The UN General Assembly partnership resolution has been on the General Assembly’s agenda since 2000 and is the main intergovernmental framework in place to govern non-state partnerships and hold them to account. But it lacks robust reporting and implementation. Its latest iteration is ‘Towards global partnerships: a principle-based approach to enhanced cooperation between the United Nations and all relevant partners’ (A/RES/70/224). While it references for the first time the United Nations Guiding Principles on Business and Human Rights (UNGPs) adopted by the UN Human Rights Council, its main emphasis continues to be the UN Global Compact’s 10 principles, which pre-date and are inadequate for the comprehensive 2030 Agenda and the SDGs.
In December 2017 the UN General Assembly adopted decision A/72/427, in which member states decided to “defer, on an exceptional basis, the consideration of the item entitled ‘Towards global partnerships’ and to include it in the provisional agenda of its seventy-third session.”
-
What can civil society do to respond to these trends?

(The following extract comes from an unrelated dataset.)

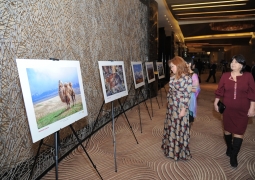 На фотовыставке в Баку показали "Неизвестный Казахстан"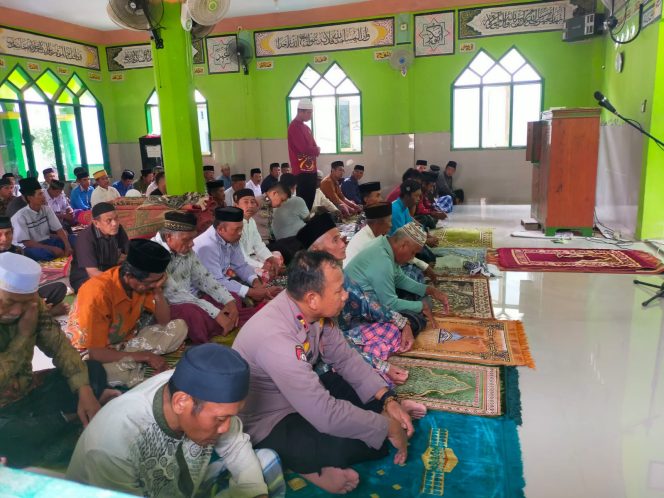 
 Kapolsek Sibulue Iptu Muhammad Arfah Laksanakan Sholat Jumat Bersama Warga di Masjid Nurul Mujahidin Dusun Cekko, Desa Pattiro Riolo, Kecamatan Sibulue, Kabupaten Bone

There are a number of ways to respond, starting with an analysis and understanding of the overall context within which partnerships are promoted – the inadequate financing of the UN and its mandates by the member states. Crucial for CSOs is to assess their own situation and actions and the extent to which organisations have become passive participants in processes that are very limited, if not counter-productive to the pursuit of human rights and to strengthening the normative ability of the UN.

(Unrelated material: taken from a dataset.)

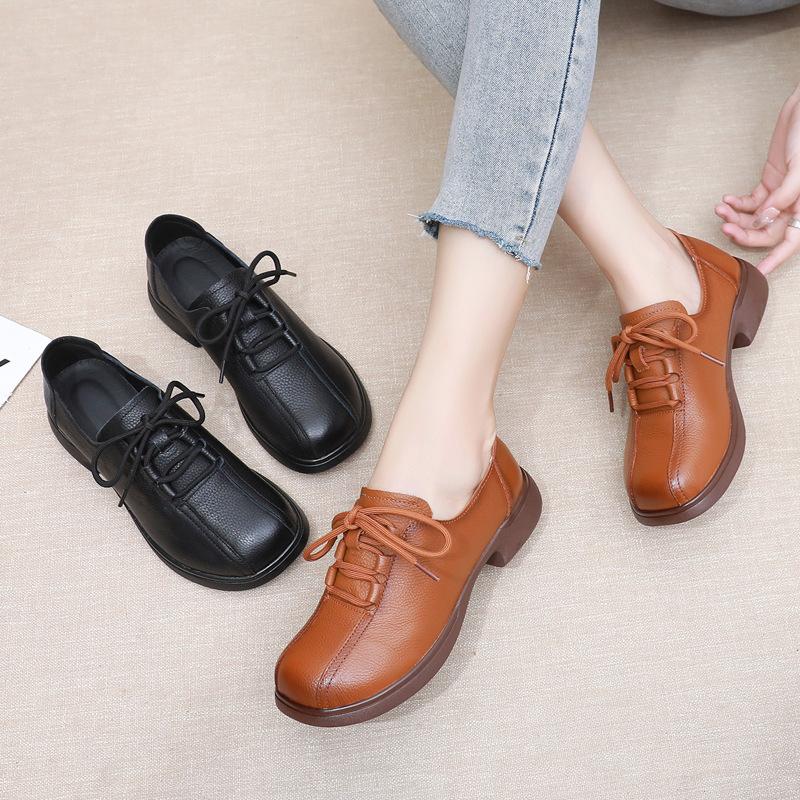 Niedrige Absätze Damenschuhe Neu Tiefes Maul Quadratische Zehen Lässig Echtes Leder Damen Arbeitsschuhe Herbst Bequeme Mama-Schuhe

Another way to take action is to monitor these trends at the UN more broadly than in specific processes and siloes, and be more actively involved in the partnership resolution dynamics and the importance of championing the public interest. This will require strategic substance-led alliances, not ‘big tent’ groupings in which strategies based on substance tend to evaporate.
Additionally, it is important for civil society to undertake monitoring and to mobilise to prevent UN system activities, practices and appointments that undermine UN values-based mandates and that contradict the objectives of the 2030 Agenda.
Finally, civil society actors need to support each other to strengthen the independence of civil society monitoring, not only in developing countries but all countries. An independent civil society cannot rely only on financing through development assistance that focuses primarily on developing country policies and programmes.